§ **PROBLEM TO SOLVE**
Once the line with "2 Bedroom Apartment" is found in the entries below, print it and each following line exactly, stopping after the line with "Property at 2407 13618 100 AVENUE image 2"; print nothing else.

§ **RECORDS**
◆ ◆ ◆ ◆ ◆ ◆ ◆
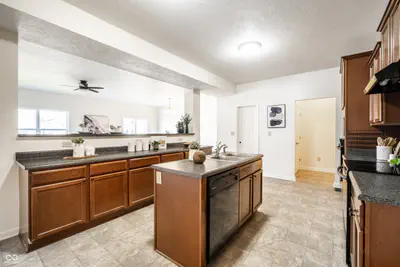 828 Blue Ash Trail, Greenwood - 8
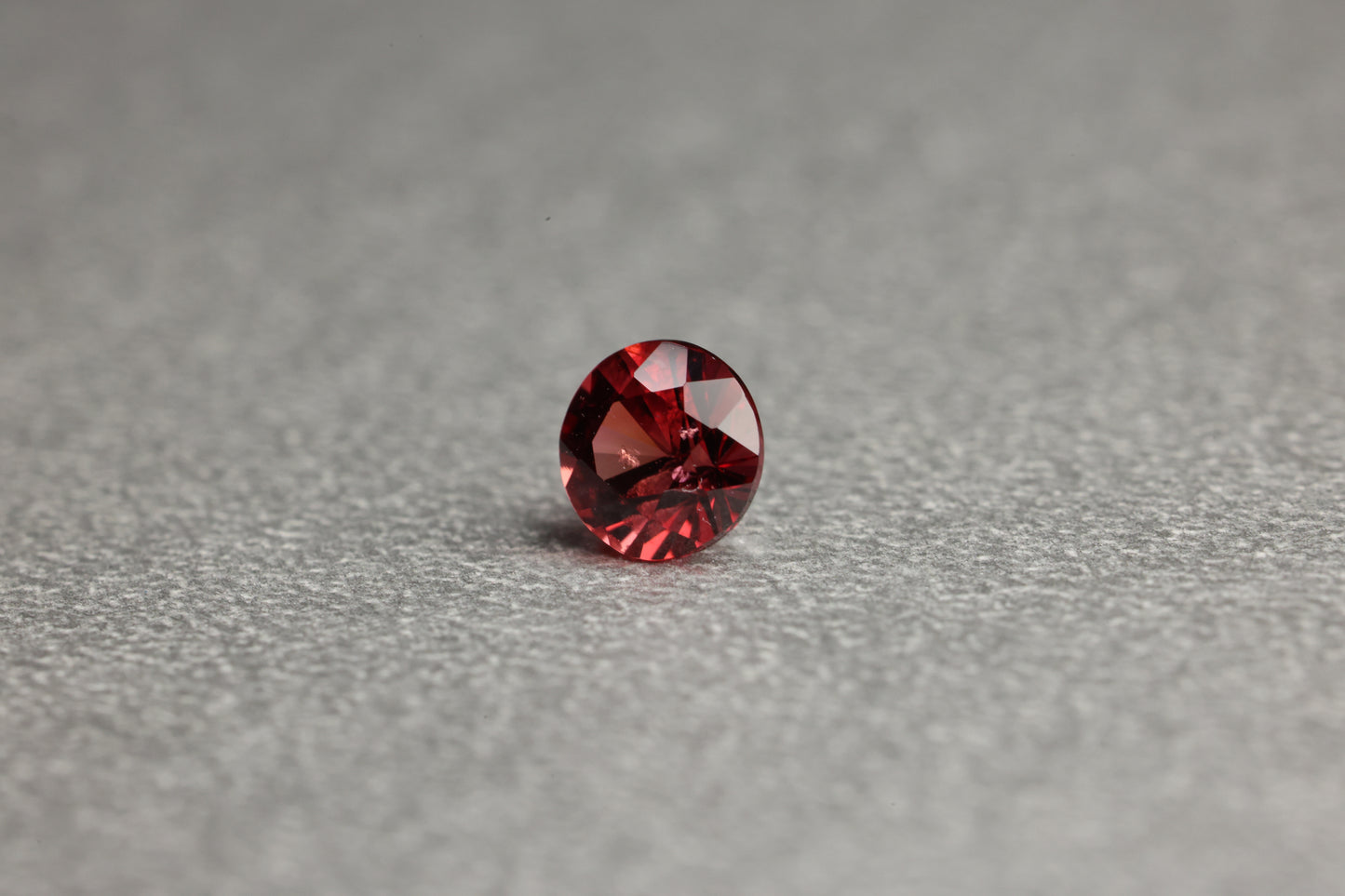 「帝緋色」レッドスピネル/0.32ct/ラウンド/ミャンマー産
◆ ◆ ◆ ◆ ◆ ◆ ◆
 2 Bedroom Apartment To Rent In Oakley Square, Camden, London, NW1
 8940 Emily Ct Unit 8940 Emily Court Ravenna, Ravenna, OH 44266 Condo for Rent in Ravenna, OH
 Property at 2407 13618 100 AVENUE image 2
◆ ◆ ◆ ◆ ◆ ◆ ◆
§ **EXERCISE OUTPUT**
 2 Bedroom Apartment To Rent In Oakley Square, Camden, London, NW1
 8940 Emily Ct Unit 8940 Emily Court Ravenna, Ravenna, OH 44266 Condo for Rent in Ravenna, OH
 Property at 2407 13618 100 AVENUE image 2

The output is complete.